The End of the World Wide Web as We Know It
Web 2.0 changed everything. With greater ease, more attractive pricing, and higher quality than ever, consumers became equipped to produce their own content. The digitization of everything from cameras to cost-effective storage made every user a potential cinematographer, paparazzo, or artist. Further, always-on broadband networks delivering speeds once reserved for the enterprise power user and available at mass-market pricing fanned the flames of growth. For the first time, consumers were given a voice. And that voice would be heard. Without making professionally generated media extinct, usergenerated content created a new forum of expression. Blogging, podcasting, social networking, texting, and crowdcasting all changed the landscape from a one-way communication aimed at the masses to a two-way conversation of millions. The proliferation of content produced and consumed would spawn a new generation of bandwidth-insatiable “Millennials,” who would literally grow up in this online, immersive world.
This book seeks to understand the new business models enabled through a 2.0 world, where the consumer remains in control of his experience, a developer community benefits from enhanced capabilities, and service providers monetize their investments to fuel future innovation.
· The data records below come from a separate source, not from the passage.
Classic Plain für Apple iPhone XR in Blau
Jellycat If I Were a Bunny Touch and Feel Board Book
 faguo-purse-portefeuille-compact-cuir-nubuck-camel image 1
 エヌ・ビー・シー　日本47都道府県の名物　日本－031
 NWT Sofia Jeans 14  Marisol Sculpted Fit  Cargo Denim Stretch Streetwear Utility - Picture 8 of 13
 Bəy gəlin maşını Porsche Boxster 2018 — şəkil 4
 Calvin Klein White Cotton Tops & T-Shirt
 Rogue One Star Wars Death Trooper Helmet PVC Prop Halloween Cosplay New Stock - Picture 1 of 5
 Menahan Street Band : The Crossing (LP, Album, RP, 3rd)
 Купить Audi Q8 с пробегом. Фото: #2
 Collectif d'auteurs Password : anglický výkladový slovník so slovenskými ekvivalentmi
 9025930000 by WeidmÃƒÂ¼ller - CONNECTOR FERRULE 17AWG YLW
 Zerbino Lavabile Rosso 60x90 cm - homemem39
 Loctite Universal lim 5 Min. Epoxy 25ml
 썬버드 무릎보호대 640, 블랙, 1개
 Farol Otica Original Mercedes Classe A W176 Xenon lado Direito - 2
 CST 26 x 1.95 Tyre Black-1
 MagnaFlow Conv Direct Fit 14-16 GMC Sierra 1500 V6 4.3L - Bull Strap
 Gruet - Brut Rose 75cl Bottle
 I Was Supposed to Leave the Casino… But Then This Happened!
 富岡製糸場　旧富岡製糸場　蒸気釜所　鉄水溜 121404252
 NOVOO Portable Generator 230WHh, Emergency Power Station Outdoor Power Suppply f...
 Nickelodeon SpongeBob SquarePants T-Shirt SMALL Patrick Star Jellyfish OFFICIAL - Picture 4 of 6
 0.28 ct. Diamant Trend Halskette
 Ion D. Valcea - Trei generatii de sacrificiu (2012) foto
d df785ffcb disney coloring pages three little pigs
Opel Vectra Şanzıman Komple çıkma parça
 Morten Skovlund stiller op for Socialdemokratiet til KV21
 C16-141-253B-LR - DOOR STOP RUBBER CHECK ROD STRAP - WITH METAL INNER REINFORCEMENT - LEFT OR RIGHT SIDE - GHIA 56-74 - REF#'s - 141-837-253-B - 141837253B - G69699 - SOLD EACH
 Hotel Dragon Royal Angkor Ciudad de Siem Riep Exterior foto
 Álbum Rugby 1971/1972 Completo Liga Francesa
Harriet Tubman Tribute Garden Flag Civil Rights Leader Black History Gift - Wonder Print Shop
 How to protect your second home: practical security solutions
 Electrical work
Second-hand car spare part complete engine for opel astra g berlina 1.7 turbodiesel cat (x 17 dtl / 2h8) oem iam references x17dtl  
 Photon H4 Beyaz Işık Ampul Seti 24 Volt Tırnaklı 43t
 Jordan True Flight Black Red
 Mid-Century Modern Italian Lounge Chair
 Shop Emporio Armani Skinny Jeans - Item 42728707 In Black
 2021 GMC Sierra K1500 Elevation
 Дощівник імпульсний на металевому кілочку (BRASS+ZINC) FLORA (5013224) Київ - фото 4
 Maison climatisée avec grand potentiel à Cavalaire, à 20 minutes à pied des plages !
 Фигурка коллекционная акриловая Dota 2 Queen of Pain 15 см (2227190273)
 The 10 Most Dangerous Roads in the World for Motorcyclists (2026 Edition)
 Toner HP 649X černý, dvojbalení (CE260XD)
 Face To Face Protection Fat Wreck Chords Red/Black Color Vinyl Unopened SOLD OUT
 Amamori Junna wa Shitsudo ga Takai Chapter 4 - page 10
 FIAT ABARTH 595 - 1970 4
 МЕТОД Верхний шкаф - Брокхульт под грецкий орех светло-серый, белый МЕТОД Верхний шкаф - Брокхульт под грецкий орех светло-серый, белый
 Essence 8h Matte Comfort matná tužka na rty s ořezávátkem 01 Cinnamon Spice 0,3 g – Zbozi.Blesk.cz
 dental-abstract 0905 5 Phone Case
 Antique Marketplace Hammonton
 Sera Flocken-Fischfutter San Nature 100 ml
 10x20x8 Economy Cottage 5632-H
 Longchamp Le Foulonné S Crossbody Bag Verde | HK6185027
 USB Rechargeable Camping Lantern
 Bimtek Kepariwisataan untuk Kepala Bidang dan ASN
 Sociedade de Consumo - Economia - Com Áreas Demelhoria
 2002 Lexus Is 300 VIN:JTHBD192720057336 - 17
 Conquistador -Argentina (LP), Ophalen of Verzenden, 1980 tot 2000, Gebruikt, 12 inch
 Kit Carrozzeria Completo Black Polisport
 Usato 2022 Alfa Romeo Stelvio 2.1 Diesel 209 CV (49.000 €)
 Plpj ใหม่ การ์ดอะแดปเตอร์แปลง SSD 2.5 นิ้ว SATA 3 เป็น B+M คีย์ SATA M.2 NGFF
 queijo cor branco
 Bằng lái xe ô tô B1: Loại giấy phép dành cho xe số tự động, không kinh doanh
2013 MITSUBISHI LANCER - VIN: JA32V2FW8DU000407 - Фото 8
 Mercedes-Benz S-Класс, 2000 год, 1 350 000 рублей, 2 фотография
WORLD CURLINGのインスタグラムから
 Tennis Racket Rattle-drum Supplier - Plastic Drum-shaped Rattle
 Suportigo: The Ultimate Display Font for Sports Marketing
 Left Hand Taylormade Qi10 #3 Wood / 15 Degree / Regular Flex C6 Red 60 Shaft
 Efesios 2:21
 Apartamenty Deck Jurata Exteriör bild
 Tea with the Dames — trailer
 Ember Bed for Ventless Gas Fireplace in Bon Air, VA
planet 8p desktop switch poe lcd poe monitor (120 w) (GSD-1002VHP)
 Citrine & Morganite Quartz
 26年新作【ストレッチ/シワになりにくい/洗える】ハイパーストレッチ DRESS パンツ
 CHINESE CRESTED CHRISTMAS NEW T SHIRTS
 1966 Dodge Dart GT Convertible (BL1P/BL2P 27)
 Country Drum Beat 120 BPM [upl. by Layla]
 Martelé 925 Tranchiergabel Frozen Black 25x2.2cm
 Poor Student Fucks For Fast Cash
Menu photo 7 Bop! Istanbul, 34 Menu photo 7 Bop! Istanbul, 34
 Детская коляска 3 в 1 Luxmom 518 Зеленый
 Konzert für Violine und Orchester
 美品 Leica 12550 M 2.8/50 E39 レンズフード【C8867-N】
It does so with a scientific approach, based on extensive research commissioned by Alcatel-Lucent and conducted by Penn Schoen Berland, across thousands of consumers, enterprises, commercial developers, and advertisers to assess their unique worldview and willingness to pay for smart network capabilities as they look through the 2.0 lens. Further, since research provides directional and strategic insights, but can be more limited in precisely predicting the future, we will incorporate market examples that lend additional support.